--- Data shown Enclosed Below ---

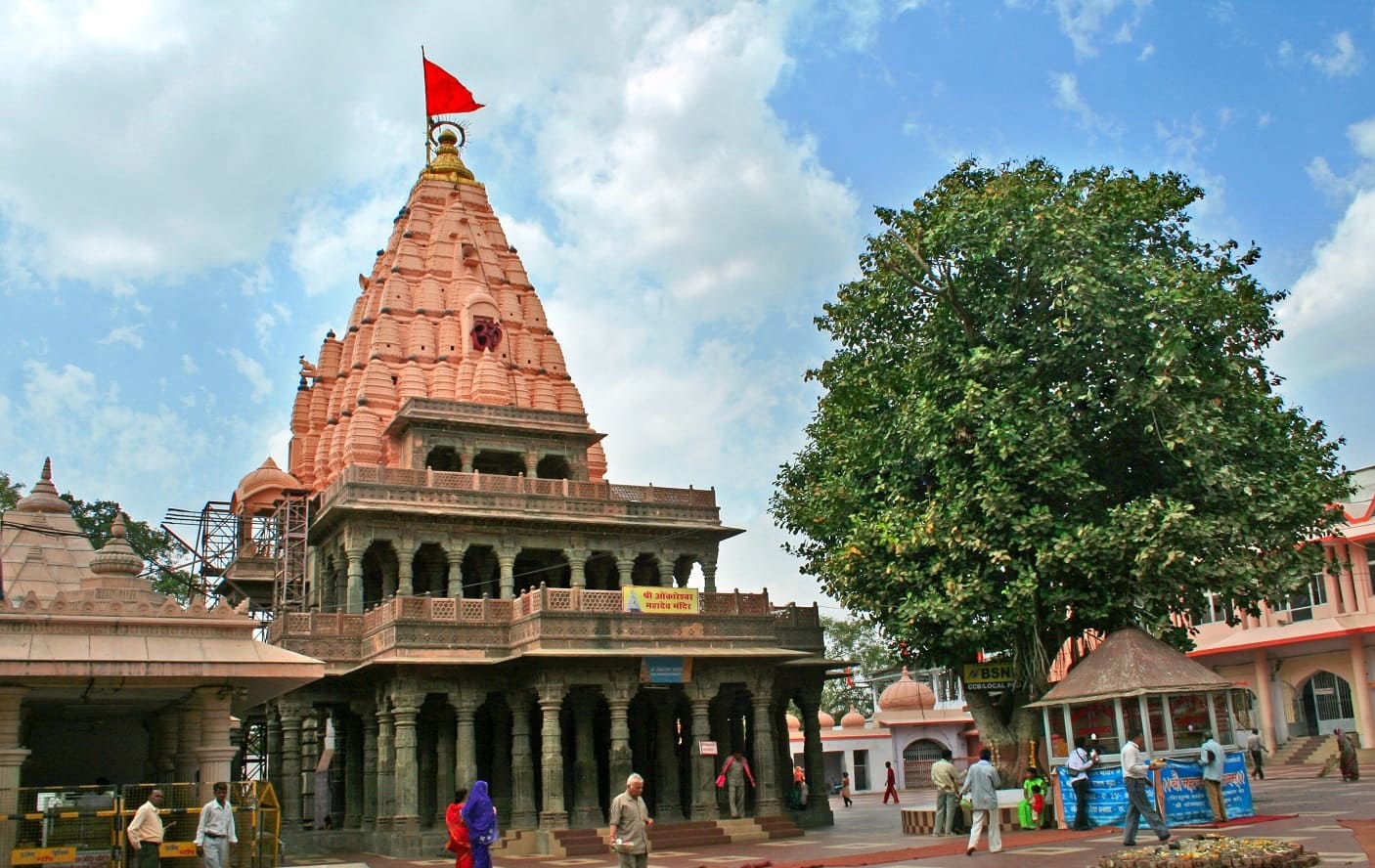 Mahakaleshwar Jyotirlinga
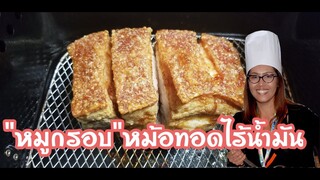 หมูกรอบใช้หม้อทอดไร้น้ำมัน กรอบม๊ากกก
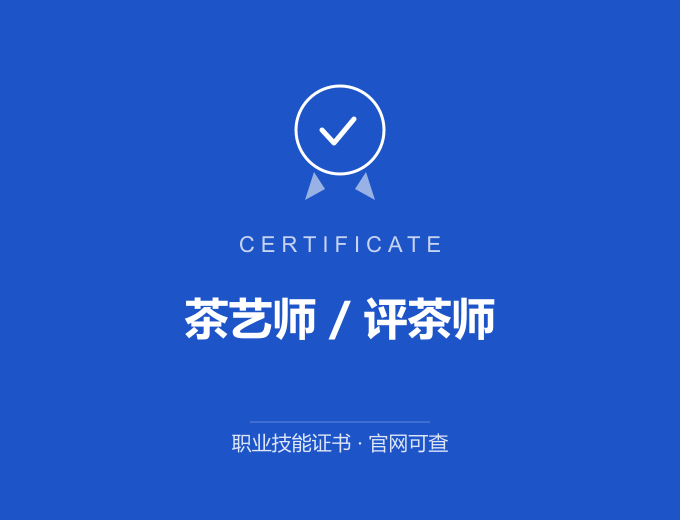 武汉茶艺师 / 评茶师证书 蓝色证书封面 职业技能证书 发证机构官网可查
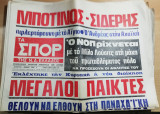 Τα Σπορ της Ν.Δ Ελλάδος αρ. 209, 26 Ιουνίου 1979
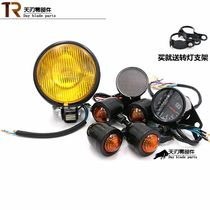 Motorcycle modification accessories CG125 retro modification GN125 headlights retro grid taillight assembly metal turn light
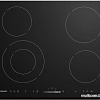 Варочная панель Hotpoint-Ariston HR 6T2 B S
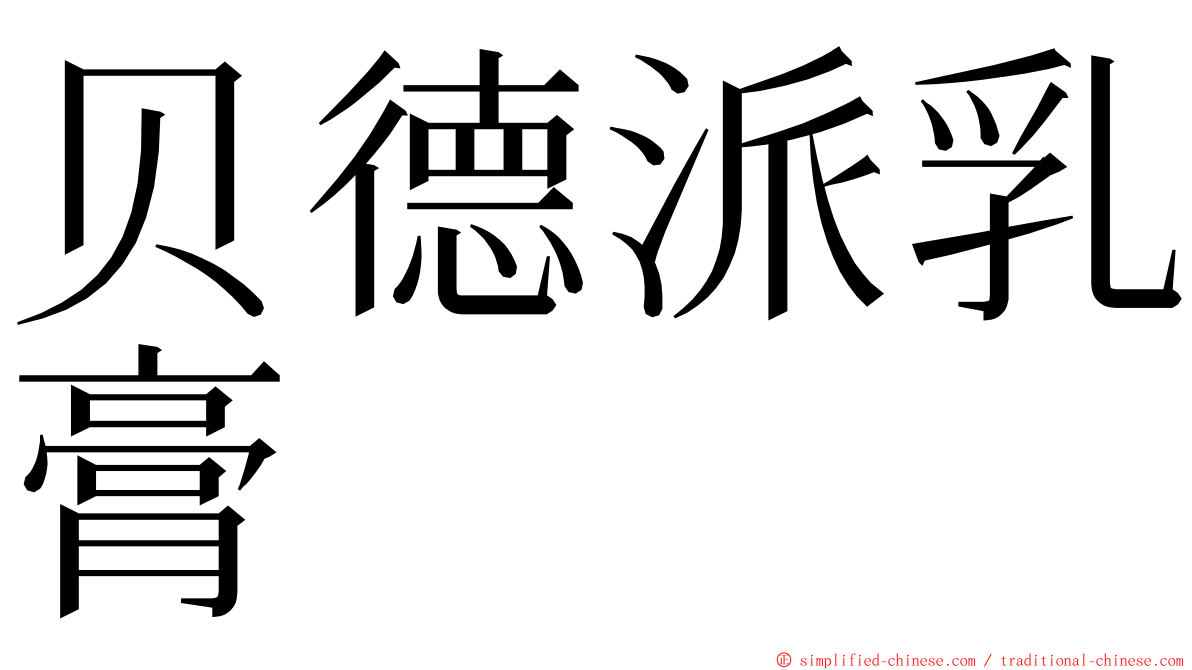贝德派乳膏 ming font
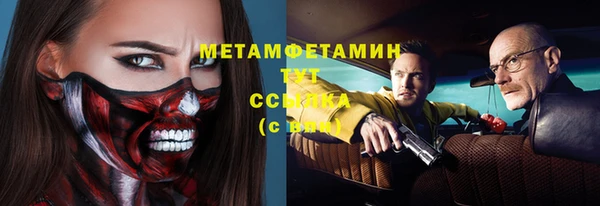 a pvp Елабуга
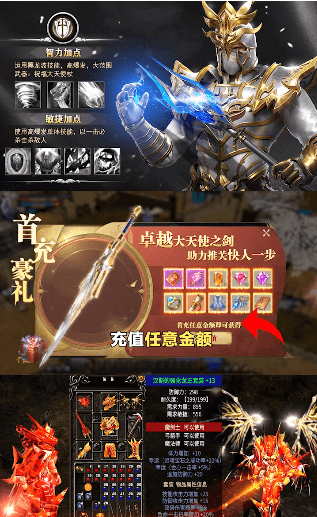 黑金圣骑士图2
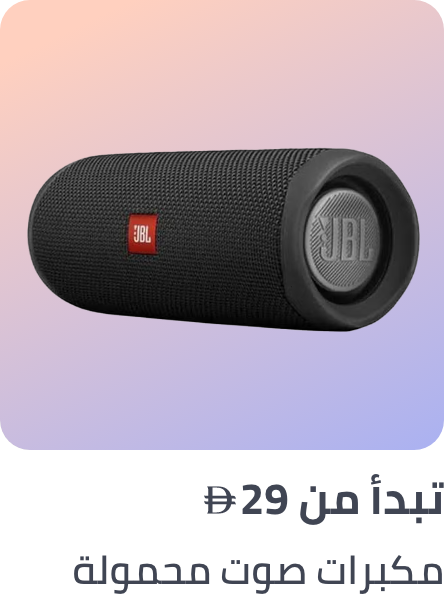 /electronics-and-mobiles/mobiles-and-accessories/accessories-16176/bluetooth-speakers/all-speakers/?f[price][max]=3183&f[price][min]=29&f[is_fbn]=1&sort[by]=popularity&sort[dir]=desc&limit=50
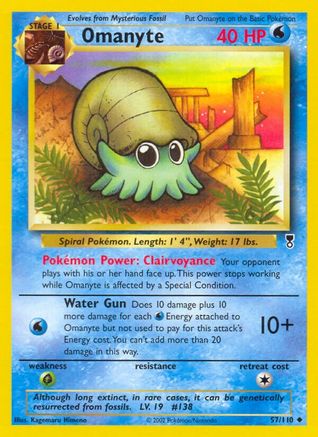 Omanyte (57/110) [Legendary Collection] Reverse Holofoil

--- End of Enclosed Data shown ---

Copy the data in full. No pictures belong in the copy.

## The answer
 Mahakaleshwar Jyotirlinga
 หมูกรอบใช้หม้อทอดไร้น้ำมัน กรอบม๊ากกก
 武汉茶艺师 / 评茶师证书 蓝色证书封面 职业技能证书 发证机构官网可查
 Τα Σπορ της Ν.Δ Ελλάδος αρ. 209, 26 Ιουνίου 1979
 Motorcycle modification accessories CG125 retro modification GN125 headlights retro grid taillight assembly metal turn light
 Варочная панель Hotpoint-Ariston HR 6T2 B S
贝德派乳膏 ming font
 a pvp Елабуга
 黑金圣骑士图2
 /electronics-and-mobiles/mobiles-and-accessories/accessories-16176/bluetooth-speakers/all-speakers/?f[price][max]=3183&f[price][min]=29&f[is_fbn]=1&sort[by]=popularity&sort[dir]=desc&limit=50
 Omanyte (57/110) [Legendary Collection] Reverse Holofoil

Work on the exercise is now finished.